Due to structural weaknesses of traditional Chinese law, Chinese financial institutions focused primarily on commercial banking based on close familial and personal relationships, and their working capital was primarily based on the float from short-term money transfers rather than long-term demand deposits. The modern concepts of consumer banking and fractional reserve banking never developed among traditional Chinese banks and were introduced to China by European bankers in the 19th century.


Rishengchang, the first draft bank in China

Royal inscribed board, saying “Financial exchange all over the world”, in Rishengchang, Pingyao

An early Chinese banking institution was called the draft bank or piaohao (票号) in Chinese, also known as Shanxi banks because they were owned primarily by Shanxi merchants.
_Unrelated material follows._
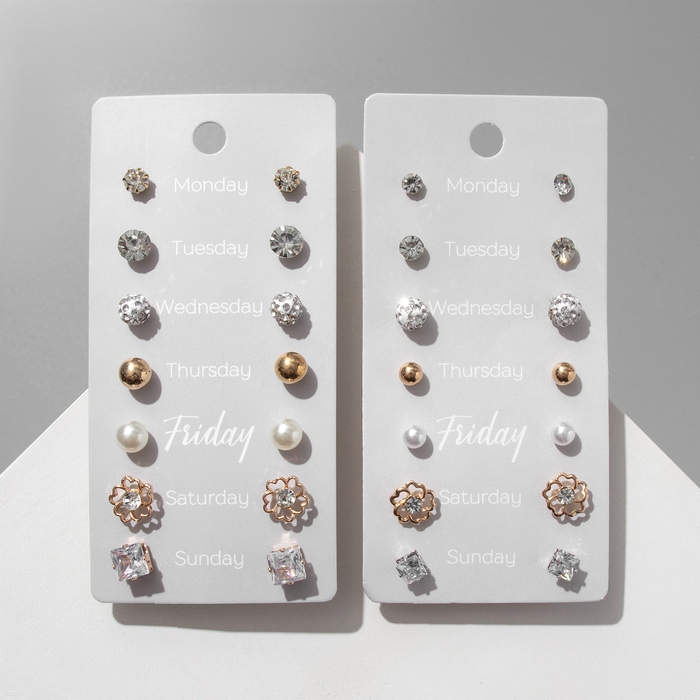 Пусеты 7 пар &laquo;На каждый день&raquo; набор вечеринка, цвет МИКС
The first “piaohao” Rishengchang originated from Xiyuecheng Dye Company Pingyao in central Shanxi. To deal with the transfer of large amounts of cash from one branch to another, the company introduced drafts, cashable in the company’s many branches around China. Although this new method was originally designed for business transactions within the Xiyuecheng Company, it became so popular that in 1823 the owner gave up the dye business altogether and reorganised the company as a special remittance firm, Rishengchang Piaohao. In the next thirty years, eleven piaohao were established in Shanxi province, including Pingyao and neighboring counties of Qi County, Taigu, and Yuci. By the end of the nineteenth century, thirty-two piaohao with 475 branches were in business covering most of China, and the central Shanxi region became the de facto financial centres of Qing China.
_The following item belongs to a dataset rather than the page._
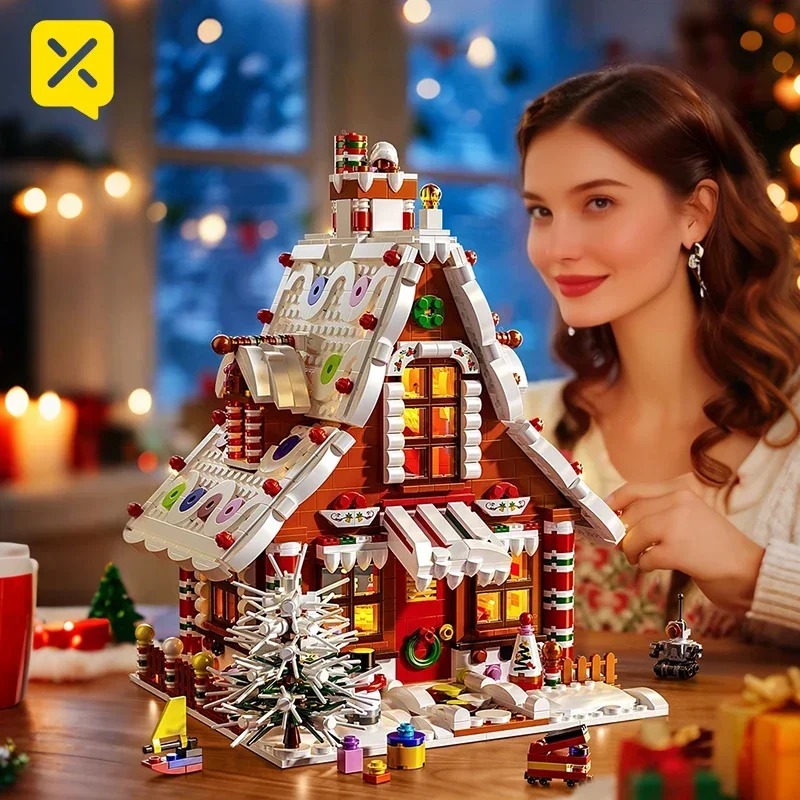 مكعبات بناء منزل خبز الزنجبيل لعيد الميلاد مع أضواء LED كوخ احتفالي DIY لعبة تجميع هدية للأطفال والكبار #4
All piaohao were organised as single proprietaries or partnerships, where the owners carried unlimited liability. They concentrated on interprovincial remittances, and later on conducting government services. From the time of the Taiping Rebellion, when transportation routes between the capital and the provinces were cut off, piaohao began involvement with the delivery of government tax revenue. Piaohao grew by taking on a role in advancing funds and arranging foreign loans for provincial governments, issuing notes, and running regional treasuries.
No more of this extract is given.